The result in Peak Deconvolution - Bad Initial Guesses demonstrates not only how initial guesses affect the outcome of the peak deconvolution procedure but also illustrates that it can be difficult to choose the correct number of peaks. While increasing the number of peaks will generally result in a fit curve that more closely resembles the data - after all there are more parameters for the optimizer to adjust - too many peaks can

lead to much slower and numerically unstable fits
result in an underdetermined system where very different parameters can lead to the same result, which makes interpretation difficult. This can (somewhat) be ameliorated by constraints, which will be discussed in the next section

In general, a system with the minimum number of peaks should be prefered. Of course, we know that there are two overlapping peaks present in the example in Peak Deconvolution - Bad Initial Guesses so 2 is the correct number of peaks for modelling this problem.

7.2.2. Constraints#

Constraints provide upper and lower limits for the fit parameters and can help the fitting algorithm finding the desired solution. Constraints have two key purposes:

limiting the parameter space of the fit to physically meaningful values: The amplitude \(A\) and width \(\sigma\) of the line shapes are only meaningful for positive values (or 0), the peak position \(\mu\) should fall within the measure spectral range, and so on.
steering the fitting algorithm towards the desired solution. This can be relevant in several scenarios:
- use positional constraints to keep closely-spaced peaks separate
- use width constraints to prevent overlapping peaks from merging
- use constraints on the baseline parameters, for example \(m\), to enforce a flat baseline

SMDExplorer offers four different levels of constraining values:

no constraints: Constraints are deactivated entirely and fit results can take any value. This is, by far, the fastest option for peak deconvolution.
loose constraints: Fit values are not actually constrained (apart from the fraction parameter \(\alpha\) of the Pseudo-Voigt function) but can be adjusted by the user if desired.
physical constraints: Here, peak amplitude and width are constrained to positive values.
tight constraints: Here, peak amplitude, position, and width are constrained to sensible values for the dataset.

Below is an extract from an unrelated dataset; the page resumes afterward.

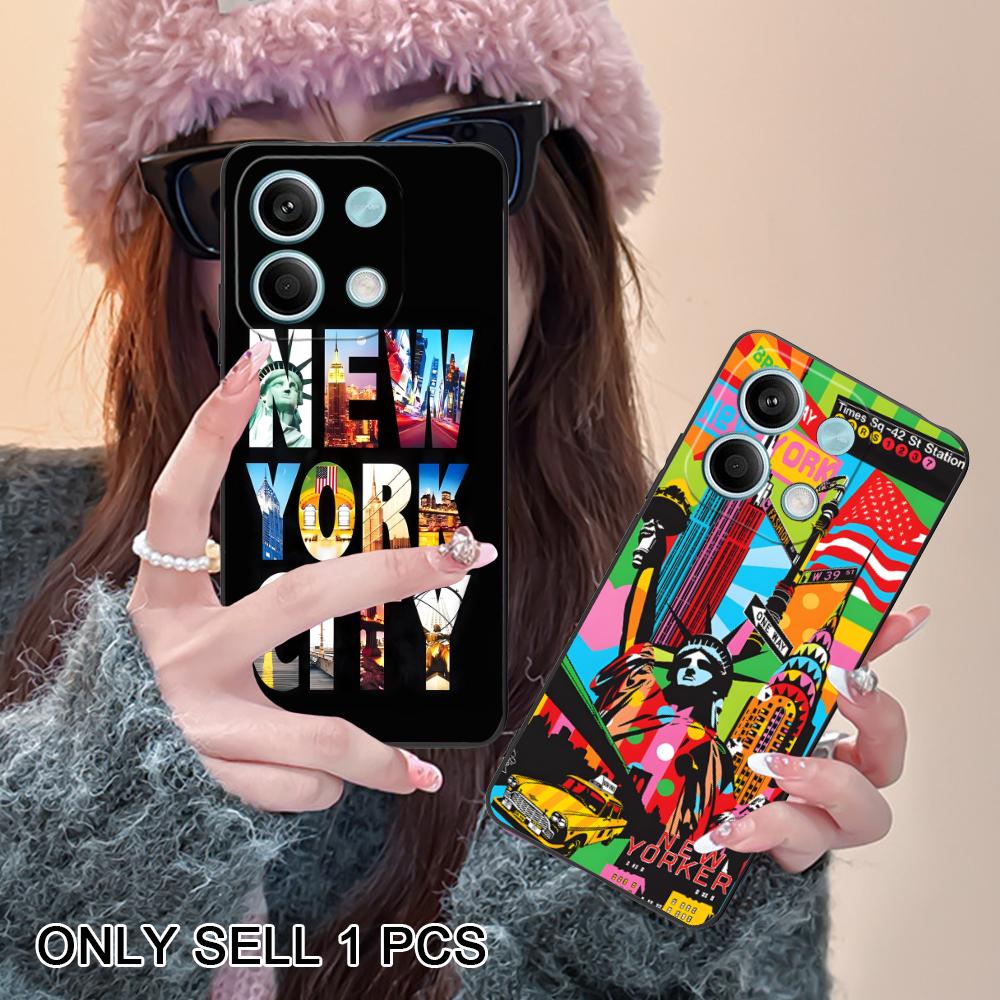 Phone Cases York - New York City telefoonhoesje voor Xiaomi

The loose and physical constraint levels are useful starting points for adding user constraints of required. For line shapes other than Pseudo-Voigt, the (unmodified) loose constraint level is functionally equivalent to no constraints at all.

Important

While constraints are important for successful peak deconvolution, especially for automated processing of large datasets where the initial guesses might not be ideal for the entire dataset, constraining the parameter space of the fit coefficients too tightly can significantly slow down the fitting procedure or lead to wrong results entirely. To facilitate chosing suitable constraints, SMDExplorer can display warnings if fit values are being limited by constraints during peak deconvolution and even adjust constraints automatically.

Tip

When to use (or not use) constraints

The fitting algorithm in SMDExplorer is generally quite robust and will, if suitable initial guesses are provided, converge on a reasonable solution even for complex spectra.

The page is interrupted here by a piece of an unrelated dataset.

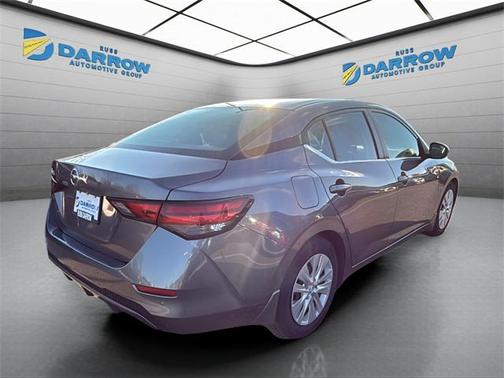 2020 Nissan Sentra S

../_images/fitting_complex_spectrum.png — Fig. 7.12 Peak deconvolution on a complex spectrum in **SMDExplorer**.#

For automated peak deconvolution of spectral datasets (spatial or temporal scans, for example), however, applying constrains can be useful and sometimes crucial, particularly if:

peaks appear or disappear entirely
the dataset contains strongly overlapping peaks that shift in position (or merge). This is the case in the tutorial dataset.

The first case is illustrated in the waterfall plot below:

../_images/fitting_appearingPeak_waterfall.png — Fig. 7.13 A spectral dataset with a new peak appearing.#

Here, a new peak appears at around 180 s. Fitting this dataset with two peaks results in non-sensical (negative) values for the range of the dataset where only one peak exists.

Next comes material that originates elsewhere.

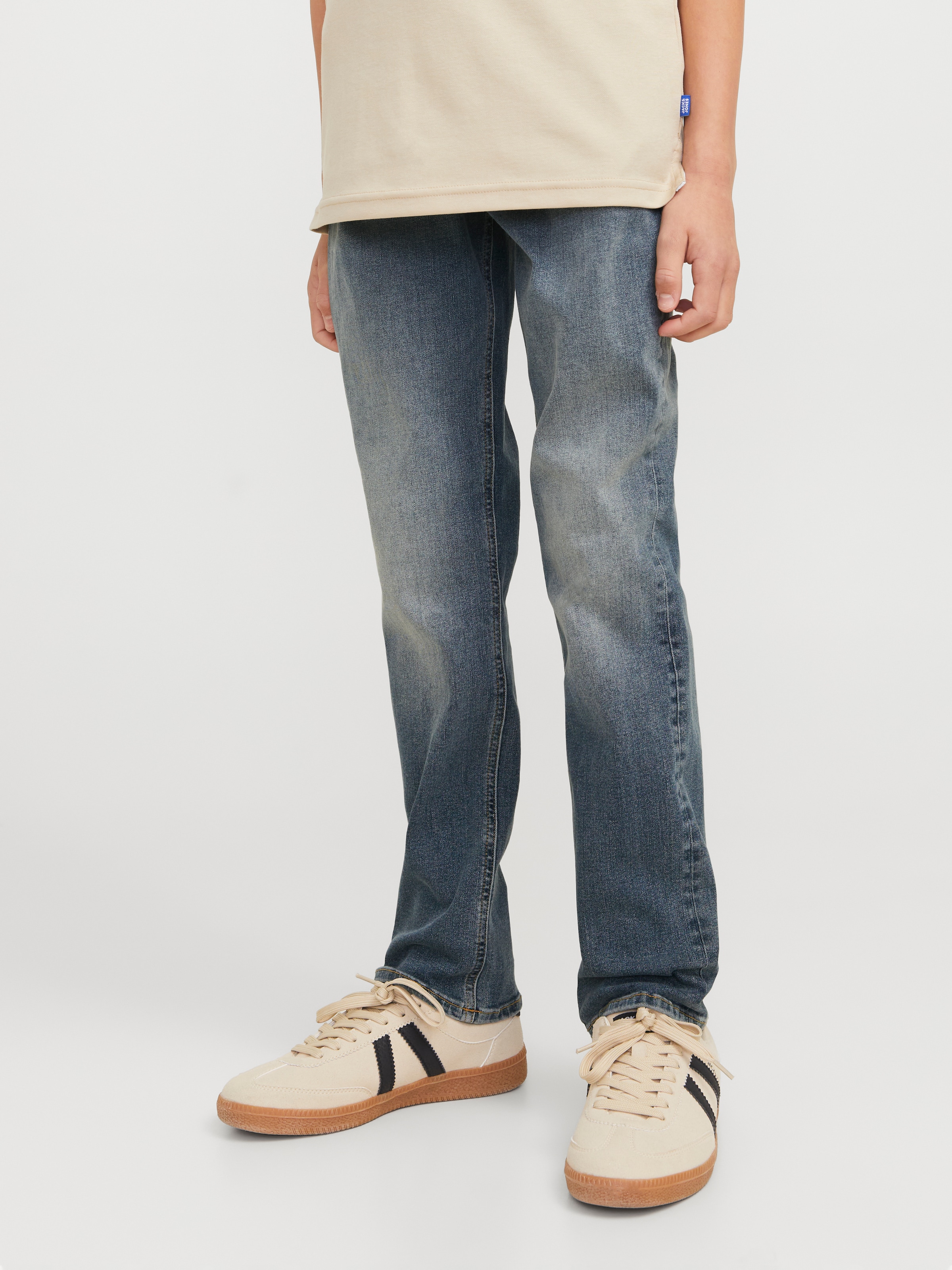 Jack & Jones Junior Jack & Jones Junior Regular-fit-Jeans ...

Start — Fig. 7.14 Fitting a dataset with an appearing peak.#

Transition — Fig. 7.14 Fitting a dataset with an appearing peak.#

Constraining the peak width and height to positive values will simply result in a zero amplitude for spectra where the left peak does not exist yet.

Important

Fitting without constraints is significantly faster than constrained fitting, so, especially for large datasets, constraints should only be used if required. Constraints can be deactivated using the Use Constraints checkbox. See the discussion on how to speed up peak deconvolution for additional tips and tricks.

7.2.3. Masking#

Masking allows excluding a spectral range from the fit. The masked area is not taken into account when comparing the calculated fit curve with the original spectrum, thus allowing large deviations between the two in the masked region. This is useful when performing peak deconvolution on both the Stokes and anti-Stokes region in Brillouin or Raman spectroscopy where the central Rayleigh peak often has much higher intensity then the actual signal.

Note

Regions at the left or right edges of the spectrum can be excluded by Range Selection. Masking is for removing parts of the spectrum that are at the center of the range of interest.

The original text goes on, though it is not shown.